One type of artifact especially interesting to SETA researchers is something called a Bracewell Probe, first proposed by Ronald Bracewell in 1960. It is an autonomous robot probe used essentially as a message in a bottle to another star, which has crammed into its memory banks all of the information from and about the originating species that it's creators deemed worthy to put in it. If the probe happens to have the ability to utilize resources in other star systems to self-replicate, it is called a von Neumann probe and then has the ability to cover a lot more interstellar territory. Arthur Clarke, in his novel and then movie 2001: A Space Odyssey, imagined that an advanced alien civilization might send out millions of such probes to monitor promising worlds around the galaxy. Rather than try to analyze the development of each of the billions of species the probes were monitoring, the aliens set up a simple test. They placed a Bracewell probe on the moon. Any species on earth which advanced to the point of landing on the moon would find the probe, and trigger it to give the previously earthbound species further instructions.  

If you watched 2001 but didn't quite understand what was happening in that scene, or in any part of the movie, that's okay. Clarke was brilliant, and director Stanley Kubrick was brilliant, but the combination of the two of them was just effing weird.


So, we've been to the moon, and haven't found a Bracewell probe there. But oddly enough, we may actually have found one even closer than the moon.

On 6 November 1991 astronomer Jim Scotti discovered what he thought was a small near-earth object (asteroid), which was prosaically named 1991vg. NEO expert Duncan Steel at the University of Adelaide, Australia, analyzed 1991vg and made a truly startling discovery.  Based on the orbit of 1991vg, which trails the earth in its own orbit but sometimes closes range with earth for brief periods and then resumes its "station" behind it, and based also on the fact that light reflected from it indicates that the object is of a faceted nature (more like a shoebox than a basketball), there are three possible explanations for it.
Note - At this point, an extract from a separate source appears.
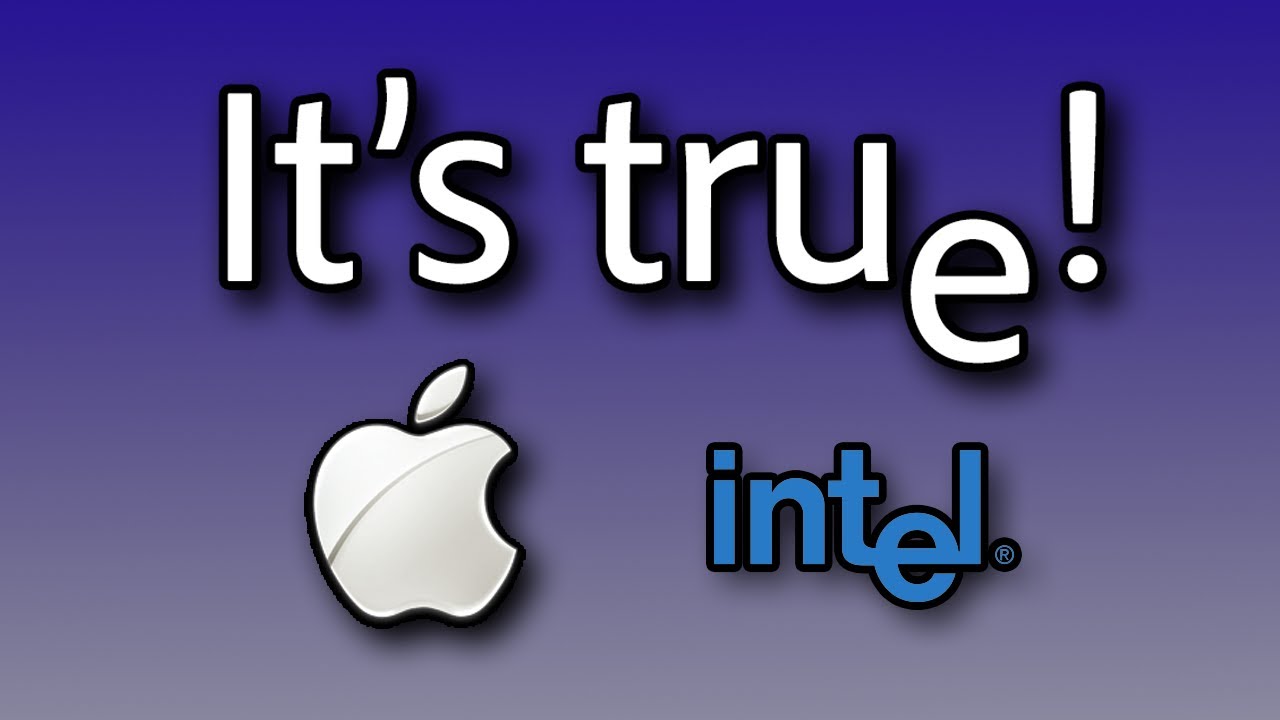 Третий крупный переход Apple: Intel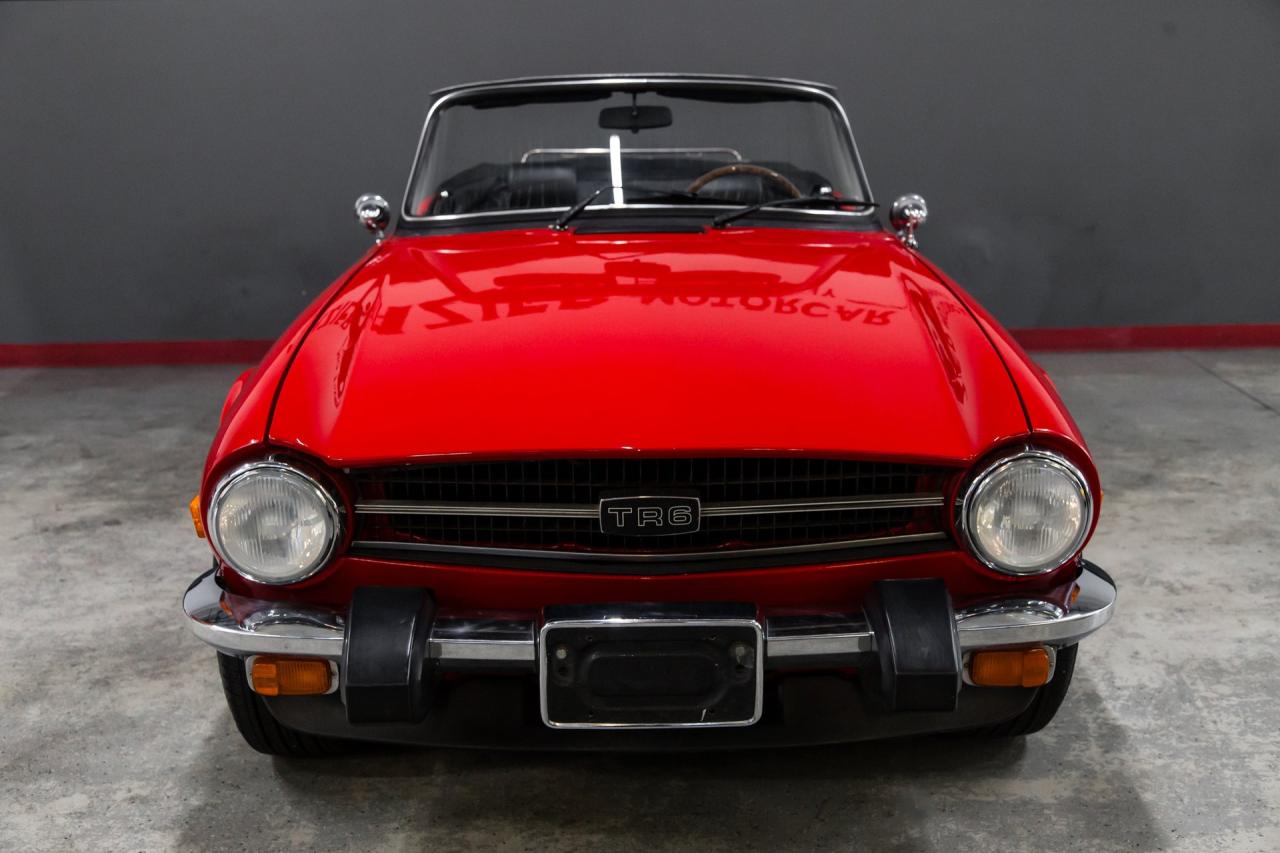 1976 Triumph TR6 upgraded 5 speed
The first is that it is a naturally occurring asteroid. The second is that it is a piece of human-made space debris, left over most likely from the early Apollo missions. The third is that it is a self-propelled artifact of non-human origin. Through careful analysis and process of elimination, the third possibility has emerged as by far the most likely candidate. Really.

It is important to understand that Duncan Steel is probably the world's foremost expert of NEOs. He has written dozens of papers on various aspects of NEO research, and Steel and Scotti together have discovered and catalogued more NEOs than maybe all of the other researchers in the field combined. When Duncan Steel says "that's definitely not an asteroid and probably not human-made space junk", it's worthy of further investigation.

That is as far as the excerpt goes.